Records supplied:
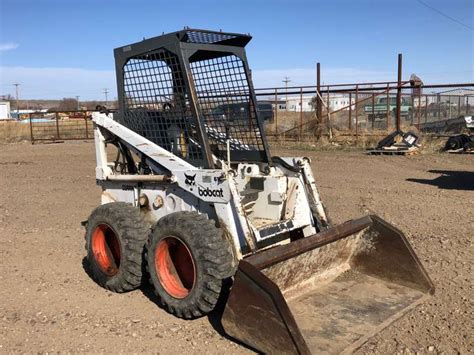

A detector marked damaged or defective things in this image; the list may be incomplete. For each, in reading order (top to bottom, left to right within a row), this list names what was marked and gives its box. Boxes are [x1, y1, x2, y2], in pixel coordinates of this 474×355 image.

rusty bucket [222, 216, 434, 354]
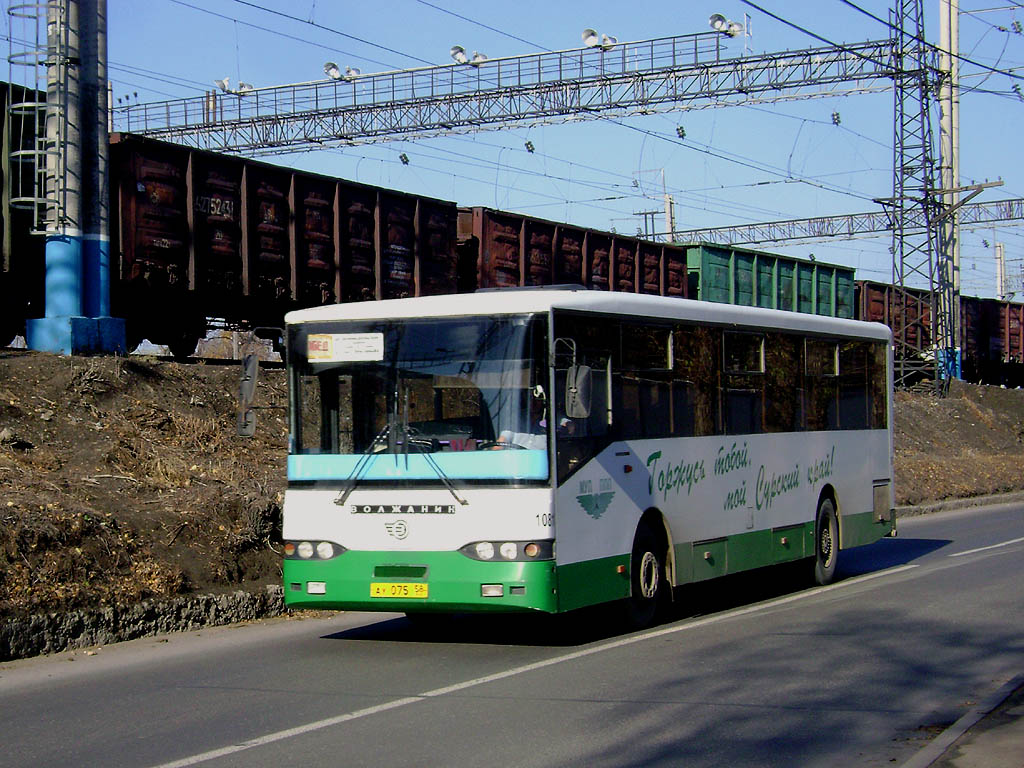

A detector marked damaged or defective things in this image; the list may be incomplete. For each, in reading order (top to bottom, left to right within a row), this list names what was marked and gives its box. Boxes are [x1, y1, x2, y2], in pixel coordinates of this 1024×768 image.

rusty freight car [110, 134, 458, 356]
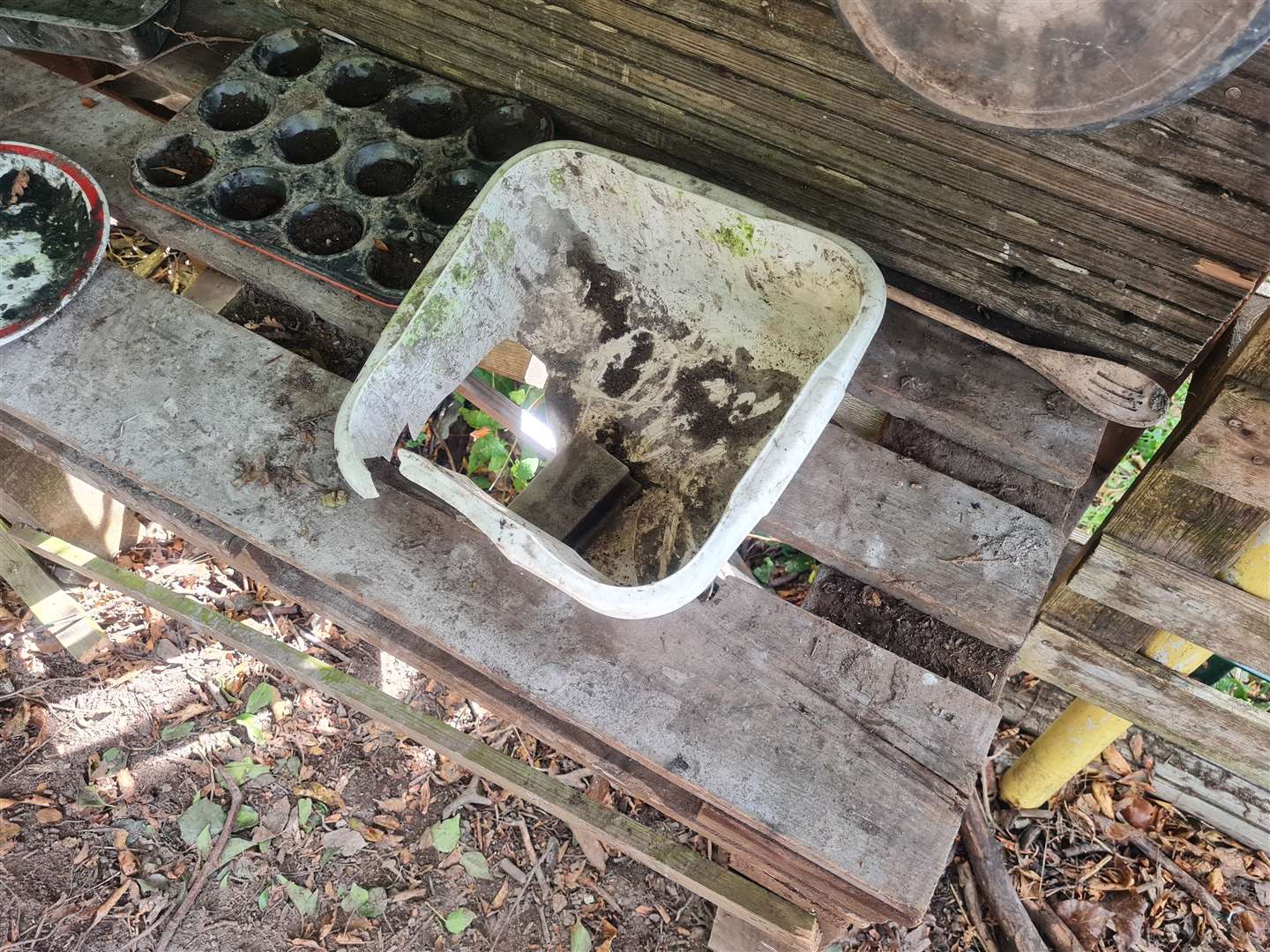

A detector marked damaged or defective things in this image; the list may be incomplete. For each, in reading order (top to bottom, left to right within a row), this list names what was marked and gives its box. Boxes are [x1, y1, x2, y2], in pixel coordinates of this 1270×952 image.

broken edge of basin [335, 139, 884, 619]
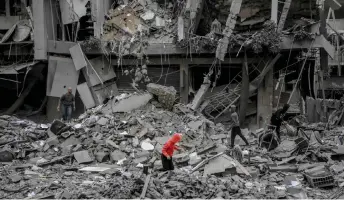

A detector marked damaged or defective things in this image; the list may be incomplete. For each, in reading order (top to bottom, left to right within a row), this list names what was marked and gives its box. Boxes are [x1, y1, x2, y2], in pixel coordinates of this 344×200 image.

broken concrete slab [112, 93, 153, 112]
broken concrete slab [146, 83, 176, 110]
damaged pillar [258, 66, 274, 127]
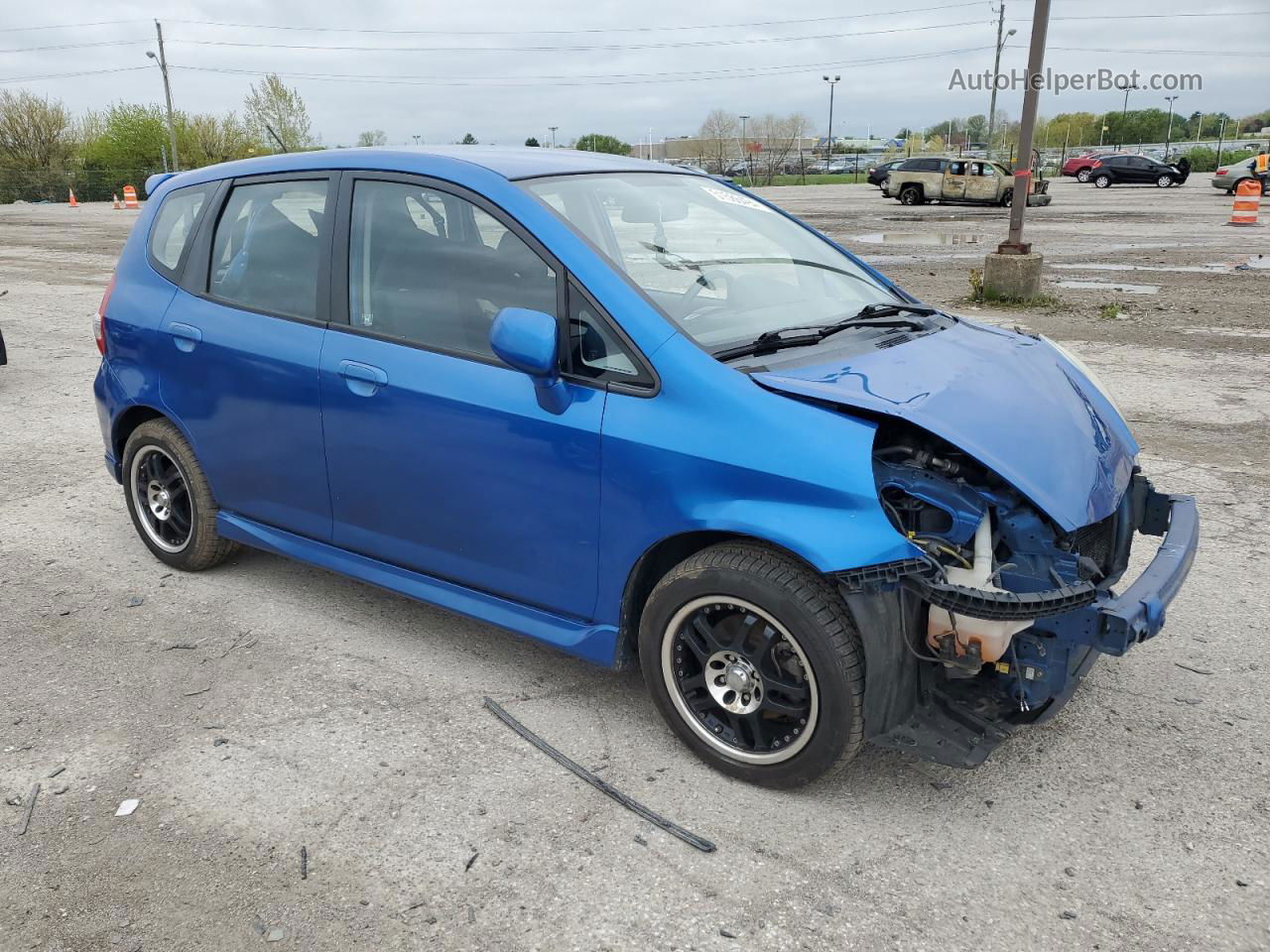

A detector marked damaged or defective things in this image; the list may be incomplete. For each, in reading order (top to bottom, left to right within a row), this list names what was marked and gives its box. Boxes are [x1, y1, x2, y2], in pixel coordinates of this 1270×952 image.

crumpled hood [754, 317, 1143, 528]
front-end collision damage [833, 420, 1199, 770]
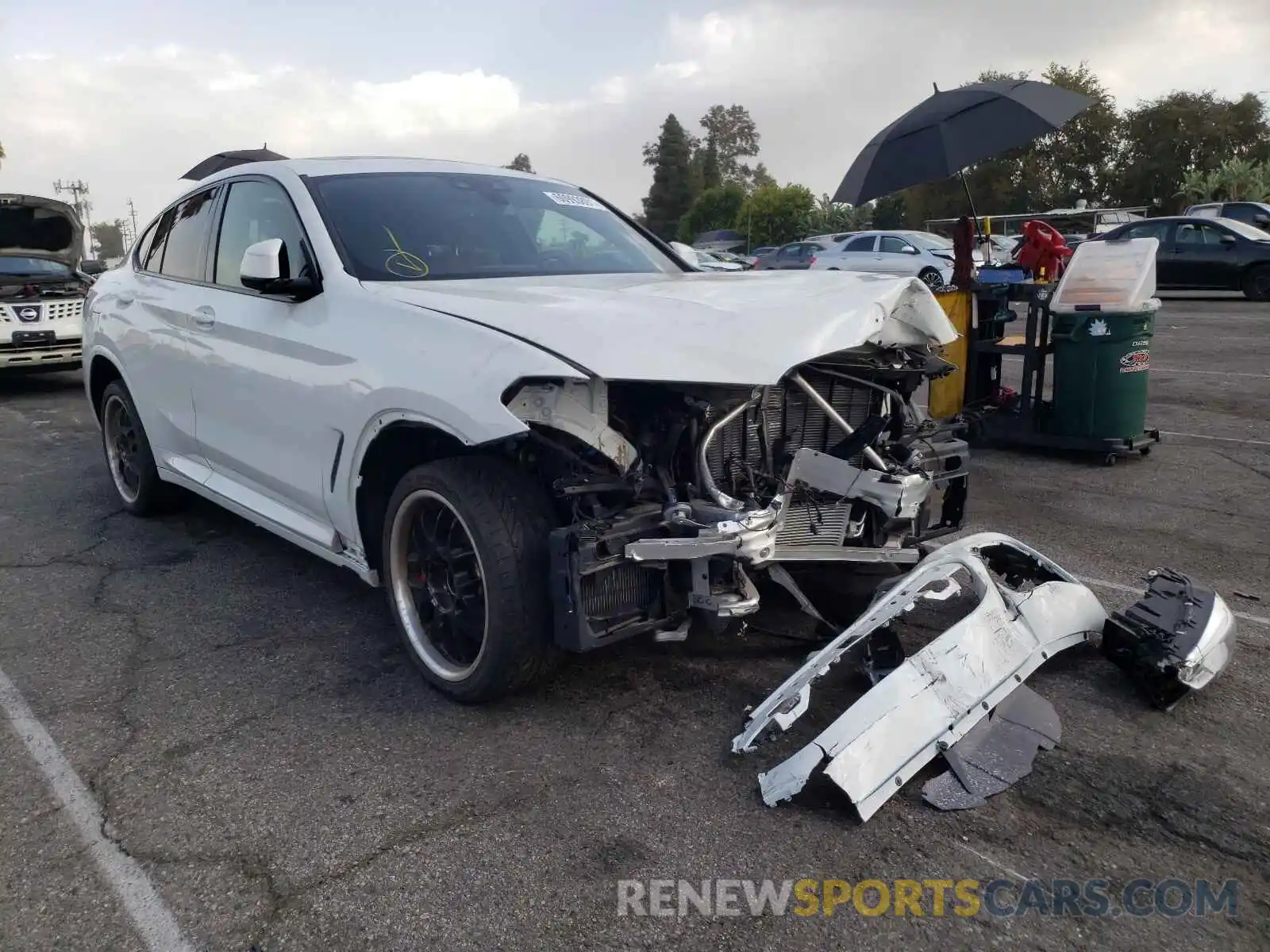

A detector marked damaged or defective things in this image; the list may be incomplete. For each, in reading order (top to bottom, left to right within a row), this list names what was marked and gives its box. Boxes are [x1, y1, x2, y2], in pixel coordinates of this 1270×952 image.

crushed hood [0, 193, 85, 270]
crushed hood [363, 269, 955, 383]
damaged front end of car [500, 317, 965, 654]
detached white bumper cover [741, 533, 1107, 822]
detached headlight [1107, 571, 1234, 711]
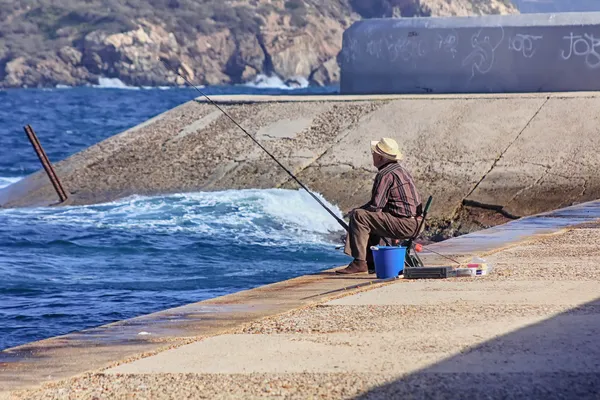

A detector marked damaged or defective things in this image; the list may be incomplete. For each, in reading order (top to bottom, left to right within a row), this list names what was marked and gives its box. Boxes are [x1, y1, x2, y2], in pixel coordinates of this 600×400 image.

rusty metal pole [23, 124, 68, 203]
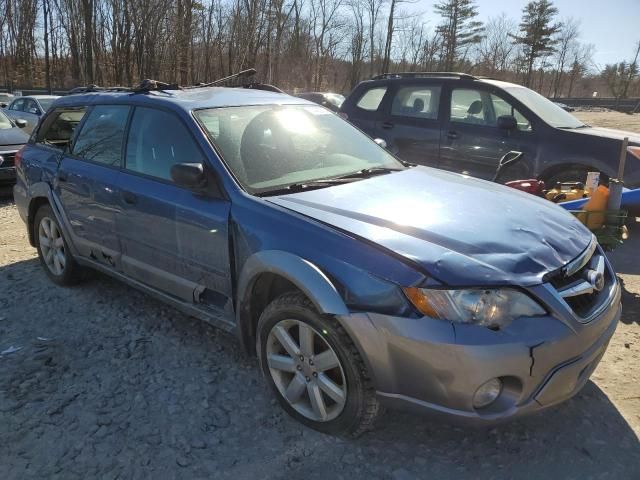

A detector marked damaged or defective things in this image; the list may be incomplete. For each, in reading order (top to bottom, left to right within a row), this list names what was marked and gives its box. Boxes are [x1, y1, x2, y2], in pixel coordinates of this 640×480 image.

damaged front bumper [340, 280, 620, 426]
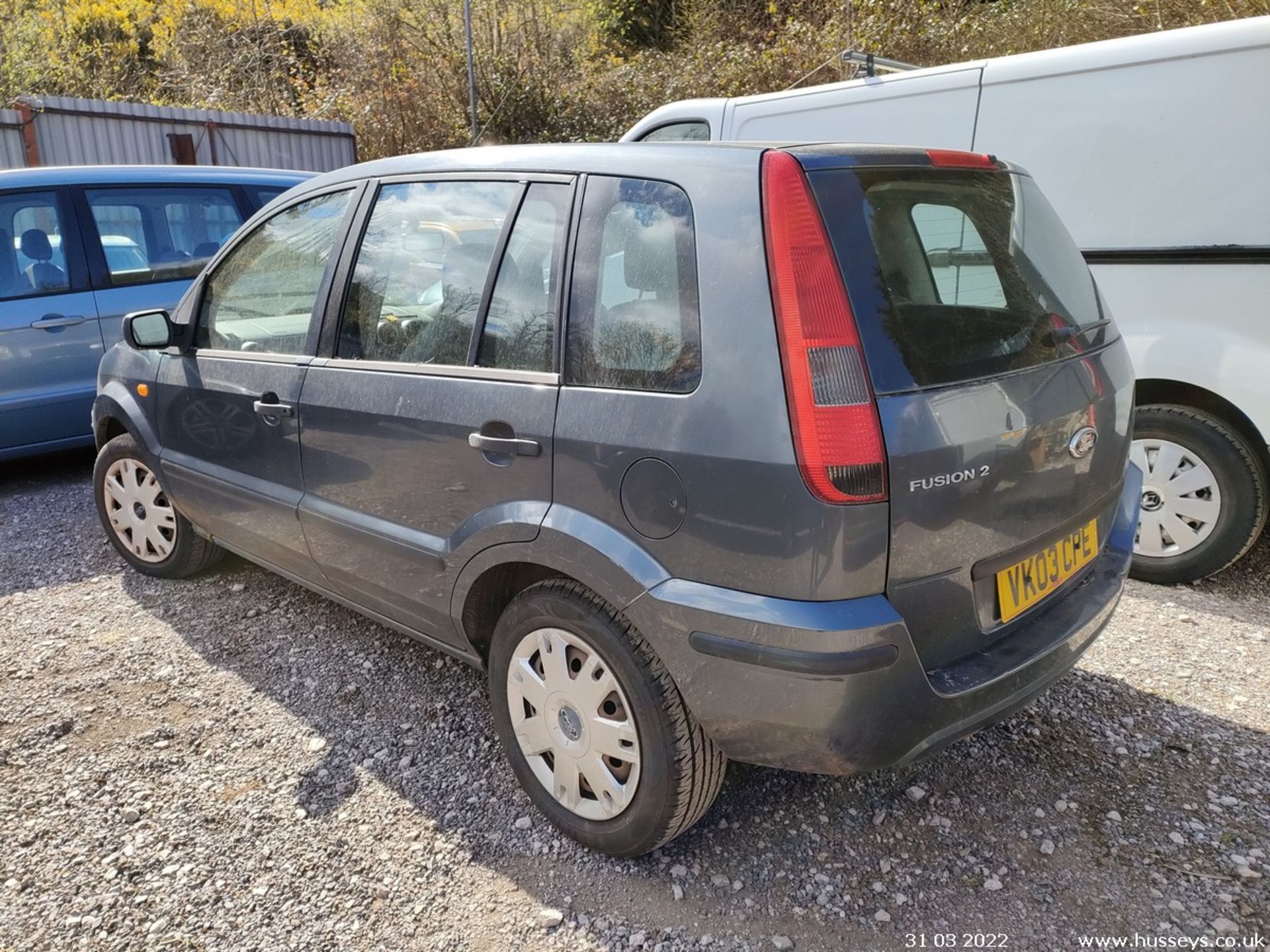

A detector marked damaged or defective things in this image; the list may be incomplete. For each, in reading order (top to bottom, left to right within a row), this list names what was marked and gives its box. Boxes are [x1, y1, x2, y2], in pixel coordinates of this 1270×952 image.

rusty metal panel [13, 97, 358, 174]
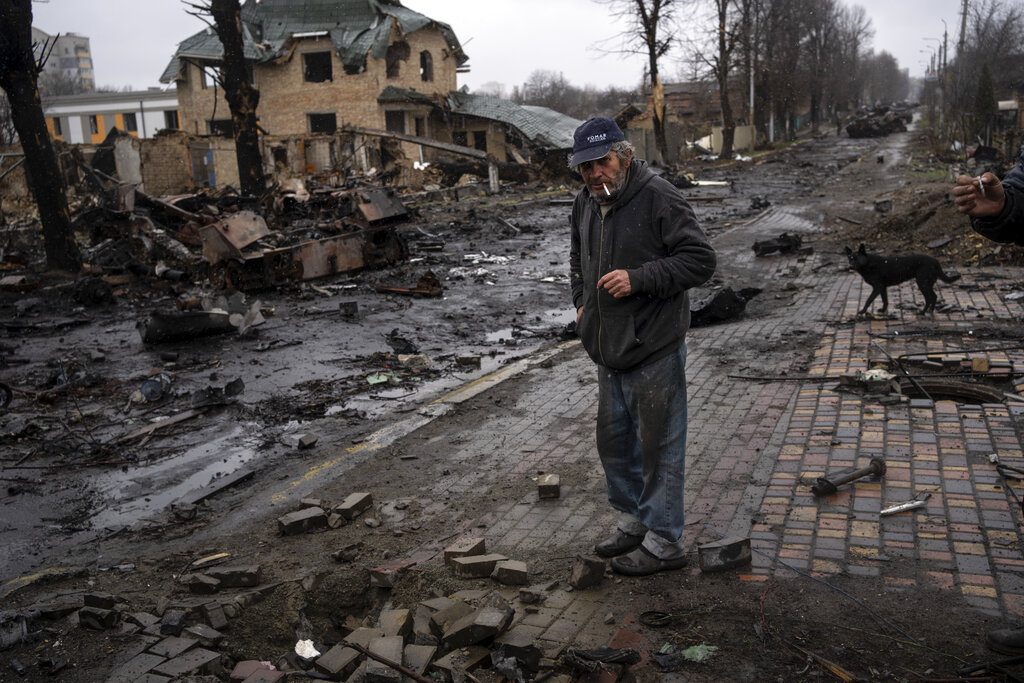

Requirement:
A word-for-word copy of the records is required. Leave out every picture.

Answer for the task:
A detector marked damaged or defective things in this image; the list may be incomplete. For each, in reading order (top to bottom, left to right within a row), this list names what was marked and gives its box. Boxes are [x1, y1, x2, y2], in pixel coordinates of this 474×355 image.

rusty bucket [222, 216, 434, 354]

A detector marked damaged or defective things in this image; the list may be incomplete. For each, in reading order (top to bottom, left to right within a row), this list names what was marked and gives its box. Boxes are [x1, y1, x2, y2], in pixel coordinates of this 1024×768 image.

rusty freight car [110, 134, 458, 356]

A detector marked damaged or defective things in this image; the list may be incomplete. For each, in reading order (top to bottom, left to right within a row), this list names what was marked and gives its box. Boxes are [x1, y1, x2, y2], in pixel coordinates of this 1270×952 image.

broken edge of basin [335, 139, 884, 619]

A detector marked damaged or defective things in this image; the list may be incomplete. For each, in reading order (top to bottom, left to right within a row), this list names what was marked and gives its box. Boxes are [x1, y1, x2, y2], in pixel coordinates of this 344×200 image.

broken concrete slab [112, 93, 153, 112]
broken concrete slab [146, 83, 176, 110]
damaged pillar [258, 66, 274, 127]

A detector marked damaged or defective things in this image; the list may be incomplete. For each, in reading order (top to bottom, left to right within a row), this list names what was marked and gives its box. Boxes are [x1, y1, x2, y2], in pixel coordinates of this 1270×952 image.

crumpled hood [754, 317, 1143, 528]
front-end collision damage [833, 420, 1199, 770]

A detector marked damaged or defective things in this image; the list may be incomplete. For each, in reading order (top to bottom, left to right within a row), this list names what was marked and gives its box. Boxes are [x1, y1, x2, y2], in pixel coordinates of this 1270×952 image.

crushed hood [0, 193, 85, 270]
crushed hood [363, 269, 955, 383]
damaged front end of car [500, 317, 965, 654]
detached white bumper cover [741, 533, 1107, 822]
detached headlight [1107, 571, 1234, 711]

A detector marked damaged or defective things in this image; the list may be incomplete. For each, in reading order (top to bottom, left to right within a row), this list names what was marked and gives its box. Boxes are [x1, y1, x2, y2], in pixel coordinates of this 600×400 image.

rusty metal pole [23, 124, 68, 203]

A detector marked damaged or defective things in this image; the list may be incomplete. For each, in reading order (top to bottom, left to right within a row), this list names what was marked and gives its box. Boxes are [x1, y1, x2, y2], in pixel coordinates of this 640×480 image.

damaged front bumper [340, 280, 620, 426]

A detector marked damaged or defective things in this image; the list may be incomplete. For each, in reading order (top to bottom, left to right within a row), this list names what was marked and gives its box. Boxes are [x1, y1, x2, y2], in pixel coordinates of this 1270×952 image.

rusty metal panel [13, 97, 358, 174]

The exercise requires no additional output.